The Danes seem like a quirky bunch. It seems every time I watch a film from Denmark it always has this odd undercurrent running through it (I have read that they have been judged the "happiest" country, whatever that means and however it is that is determined). If you judge them based on the work of director Anders Thomas Jensen then quirky is definitely the case. Jensen's three most recent films are off kilter and interesting with Flickering Lights, The Green Butchers and Adam's Apples.
Jensen's Flickering Lights from 2000 is a wonderfully titled comedy-drama about some not so bright criminals who go on the lam to escape from big city thugs in some remote Danish location. Combine the out of their element group with eccentric locals and the criminals are baffled by their surroundings in life changing ways. Flickering Lights is chock full of a favorite topic of Jensen's--men in unfamiliar places that leads to disorienting levels of humor for them and us.
I saw The Green Butchers in Seattle in 2003 and I remember enjoying this dark comedy about butchers who find a very tasty meat product--human! Like other Jensen films there are a lot of offbeat people in the cast. It's a funny film yet it is played so dry and deadpan that the laughter comes from the uncomfortable places where you are unsure of your empathy for these people (it is a film about butchers serving human meat after all). It's the kind of film where you like these characters despite yourself. I tend to like films with that kind of attitude.
The same thing applies to the third of CineRobot's Jensen mini-fest--Adam's Apples. Adam is the most unlikable of any of Jensen's collection of characters. He's a Nazi skinhead just out of prison who moves into a church doubling for a halfway house in rural Denmark. Adam only wants to corrupt the uber-optimistic priest into renouncing God. Adam is tempted to go back to his violent ways while he wreaks abuse on the other misfits at the church. Not very likable, right?

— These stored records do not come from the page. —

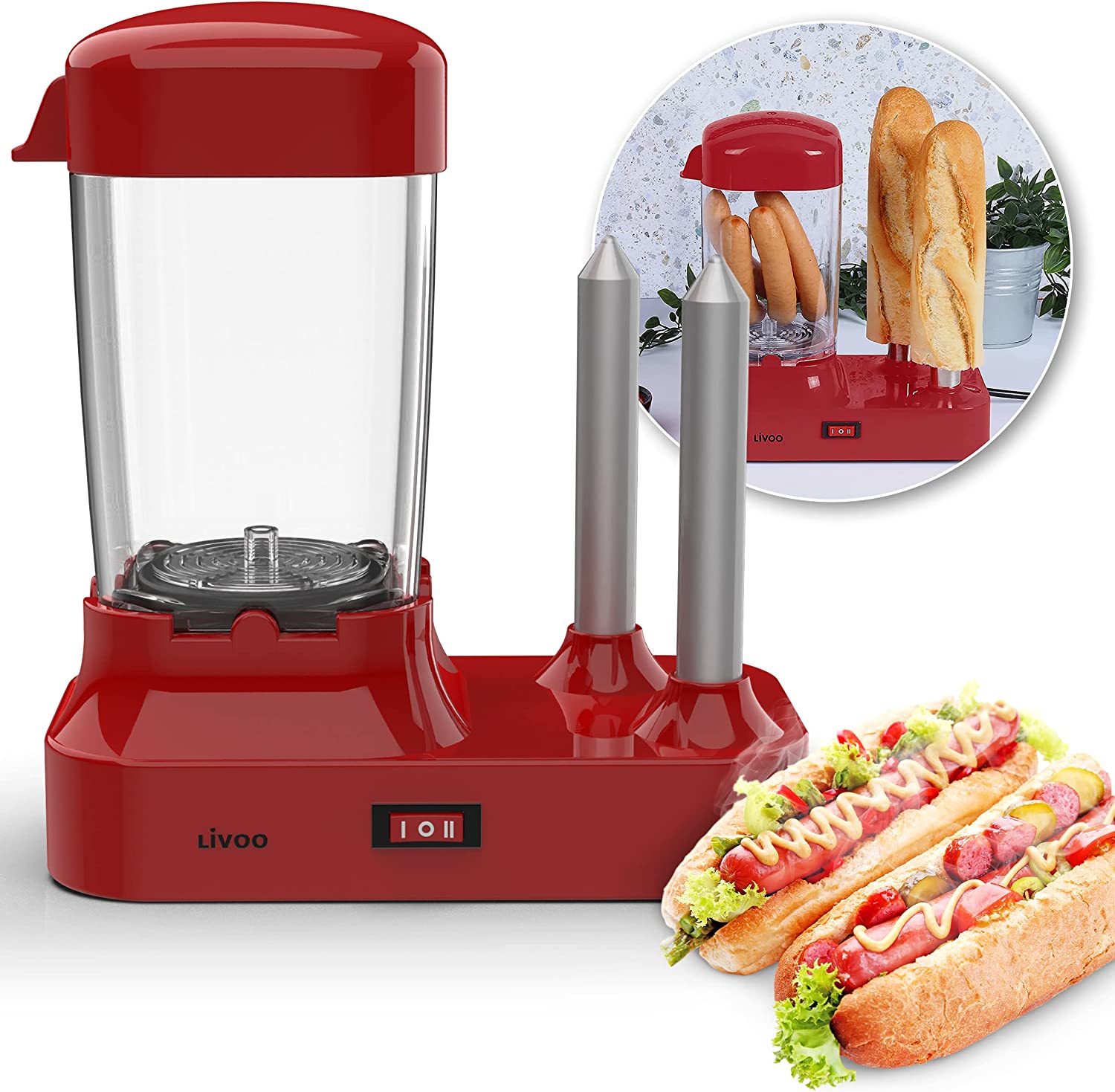 bmf-versand® Hot Dog Maker with 2 Bun Warmers, Hotdog Machine for 6 Sausages, Removable Heat Container, Electric Sausage Warmer, with Stainless Steel Skewers for Heating Rolls
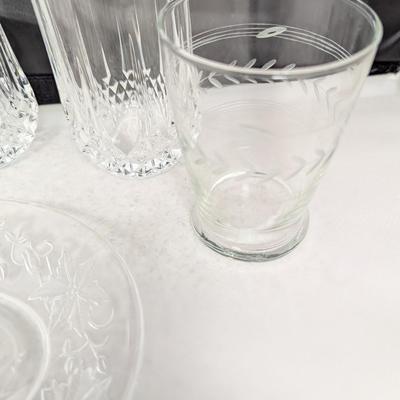 Vintage Glass/Crystal Pitchers Glasses & Serving Plate (HW)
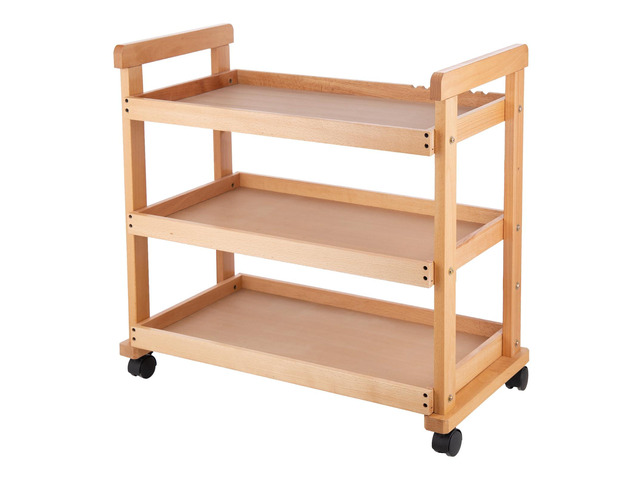 3-Tier Beechwood Rolling Cart with Caster Wheels, Natural Art Supply Storage Organizer, Rolling Utility Cart Organizer for Studio and Classroom Use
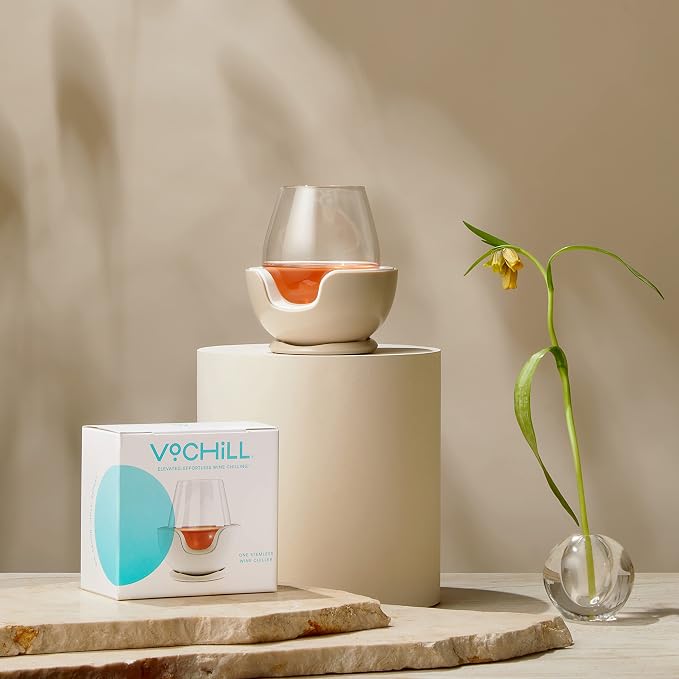 VoChill Stemless Wine Glass Chiller | Keep the Chill In Your Glass | Made In USA | Separable & Refreezable Chill Cradle | Actively Chills Stemless Glassware | Stone, Pair Stemless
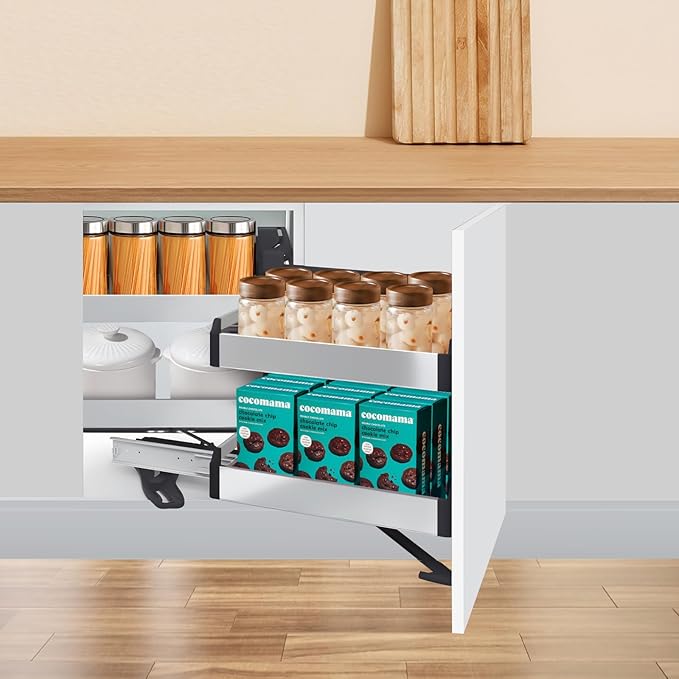 QIANMOON Kitchen Corner Cabinet Pull Out, Magic Pull Out Open, 2 Tiers Swing Tray, Blind Corner Soft Close, for Place Pots and Pans, Containers, Spice Jars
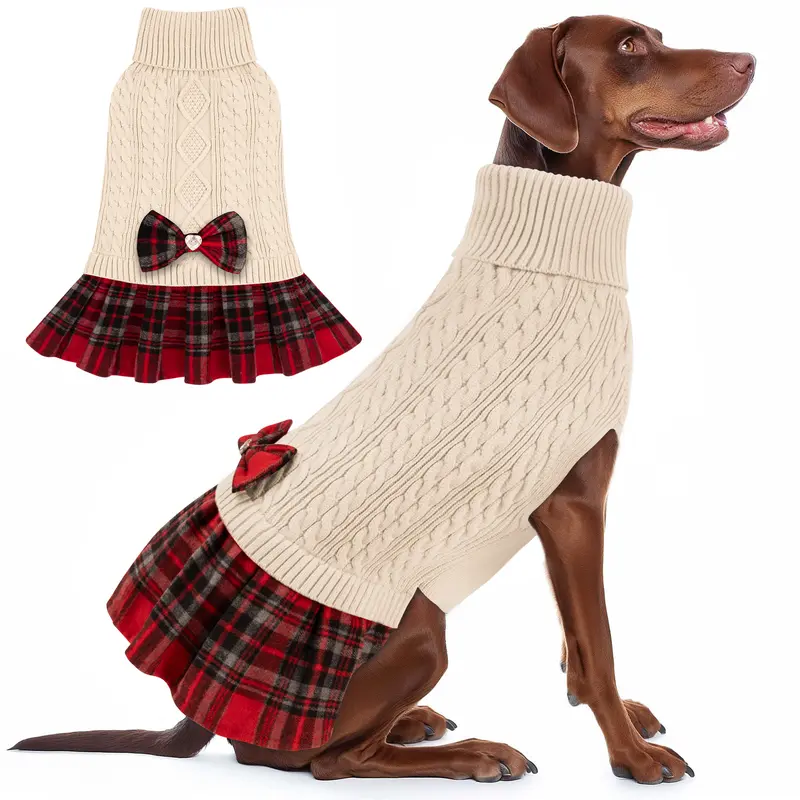 KYEESE Cozy & Stylish Dog Sweater Dress – All-Size Fit for Small to Large Puppy Super Soft & Warm Winter Outfits
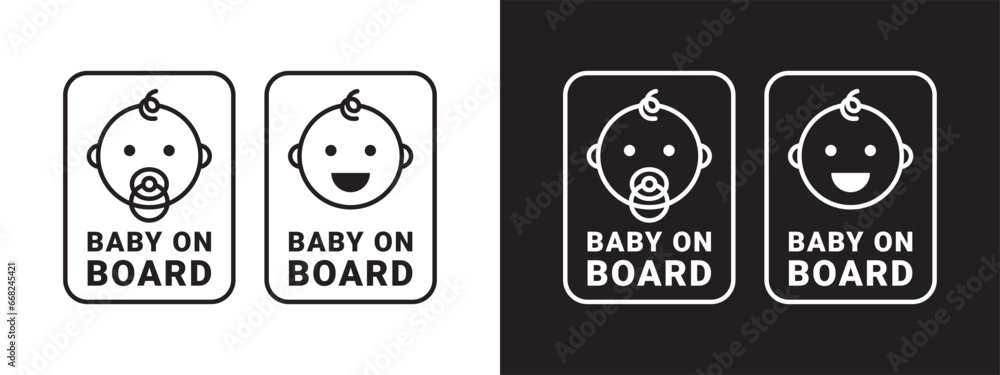 Baby on board badge. Baby on board sign icon. Child safety sticker warning emblem. Vector scalable graphics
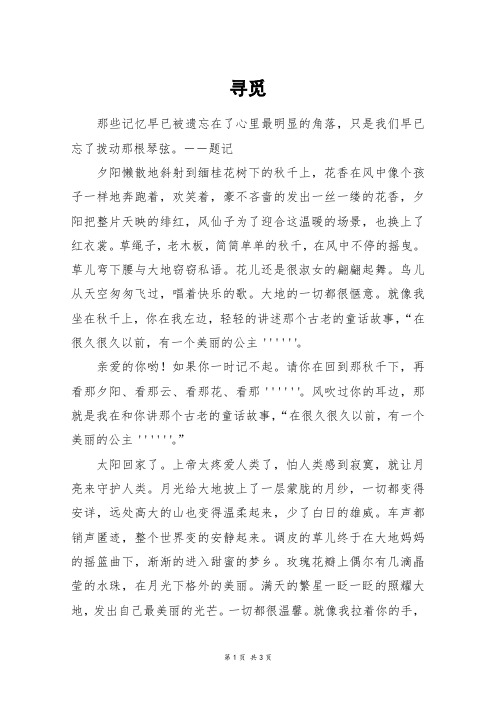 寻觅_高二作文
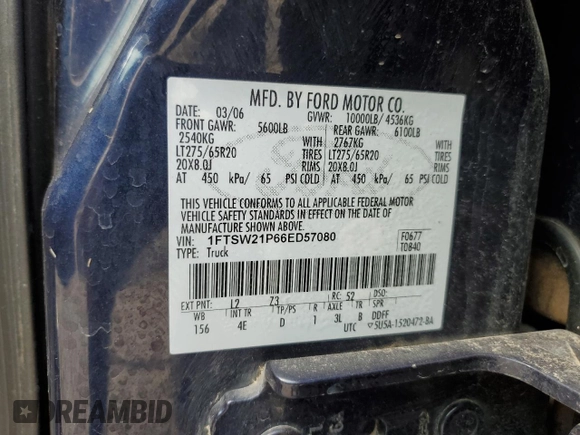 2006 Ford F-250 XL with VIN 1FTSW21P66ED57080, listed as a Copart auction lot 87286064 with 242,283 mi miles and Salvage title. Bid and sale history available at DreamBid. Image 12.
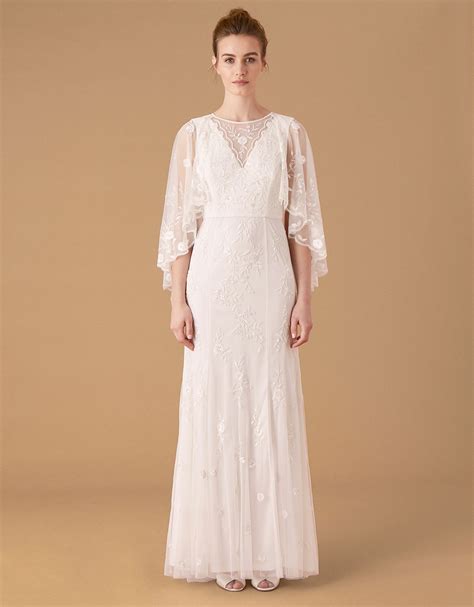 Zoey Floral Cape Bridal Dress Ivory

Jensen does something interesting with Adam that other filmmakers attempt (but often fail at)--he uses Adam's possible redemption as the main positive trait to draw us to him as events unfold. Adam's comic bewilderment at some of the things said and done at the church as he slowly begins to change is pretty entertaining (he lashes out with fists, the boot or harsh words but it's still kind of funny in a dark, Danish way).
If you are in the mood for some Scandinavian comedy check out Anders Thomas Jensen and one of these three films he wrote and directed. He has also written a bunch of screenplays including dark gems Wilbur Wants to Kill Himself and After the Wedding. I think I'd kind of like to visit Denmark based on the work of Jensen alone--and that world's "happiest" country tag they've been given. Copenhagen anyone?